Monastier, Goudet,
Ussel, Bouchet St. Nicolas
At Grez-sur-Loing, Louis didn’t make it easy for her, partly because he fought it and partly because he could not stop coughing long enough for the spoon to be in and out without clacking against his teeth. And it wasn’t that he resented being fed like a child, although that didn’t help.
“It is what it is,” she said, and wiped spilled soup roughly from his nightshirt with an already-filthy towel. His chest shook, the coughing explosive now, and Fanny looked at him flatly until it subsided. “My husband is coming, two weeks from today. You must leave.”

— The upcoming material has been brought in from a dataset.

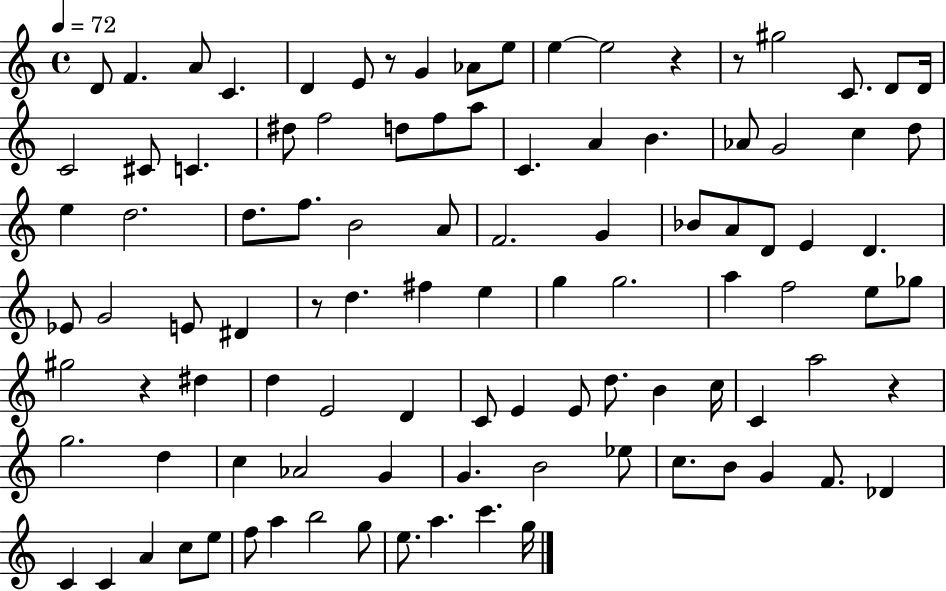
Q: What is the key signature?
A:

He felt he might be leaving through Death’s door, if his breaking heart didn’t kill him first.
*
Louis woke.
His journey began here. Le Monastier-sur-Gazeille nestled snug in a green valley below an irregular ridge that separated it from a troubled sky. It was a collection of plain-looking buildings with orange clay-tiled rooves that stood stark from the surrounding backdrop still verdurous from the summer sun, now heading into September.

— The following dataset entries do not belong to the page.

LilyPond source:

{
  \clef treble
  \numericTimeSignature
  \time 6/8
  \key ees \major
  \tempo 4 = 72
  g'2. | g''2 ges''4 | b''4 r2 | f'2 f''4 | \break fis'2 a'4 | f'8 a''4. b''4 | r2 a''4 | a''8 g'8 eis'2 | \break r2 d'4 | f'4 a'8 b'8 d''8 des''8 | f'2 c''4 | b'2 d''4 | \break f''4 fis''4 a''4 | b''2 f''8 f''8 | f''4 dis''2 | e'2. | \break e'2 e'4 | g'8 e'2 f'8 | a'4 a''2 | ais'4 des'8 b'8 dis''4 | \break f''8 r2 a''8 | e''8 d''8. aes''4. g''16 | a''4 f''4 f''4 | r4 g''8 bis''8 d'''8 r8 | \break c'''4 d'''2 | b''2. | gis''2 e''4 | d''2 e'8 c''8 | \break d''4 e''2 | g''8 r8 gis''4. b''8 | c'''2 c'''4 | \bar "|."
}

Lovelorn and worried, Robert Louis Stevenson had flung himself upon the town. Presently, he had just finished entertaining a group of lace makers with the English language. Due to its liberal sprinkling of French, the artisans considered it merely a comical patois of their native tongue. He left some easily-amused ladies with the word “bread”—which they rolled around their lips and the concaves of their mouths until they doubled over with laughter—in search of a less excitable group of people. The rustic streets were created for wandering, in which he now indulged.
He’d arrived in France weeks ago, just after the love of his life, Mrs. Fanny Osbourne, departed London for the United States. He’d written to his parents and friends—Sidney Colvin, his editor and occasional benefactor when funds sank truly low; Charles Baxter, an old, dear college chum; and William Henley, one-legged poet and boisterous pal. All but his parents were aware of Fanny. So far as Louis had mentioned, he was here to write another travel book. But, his relations excluded, all knew of Fanny and knew what had happened.
They knew the two had met, had fallen in love, and had spent nearly two years on an emotional carousel that all too often left Louis too dizzy to stand. They also knew she was much Louis’s senior, married to another man with two children, and that she’d returned abruptly to America, so many miles away.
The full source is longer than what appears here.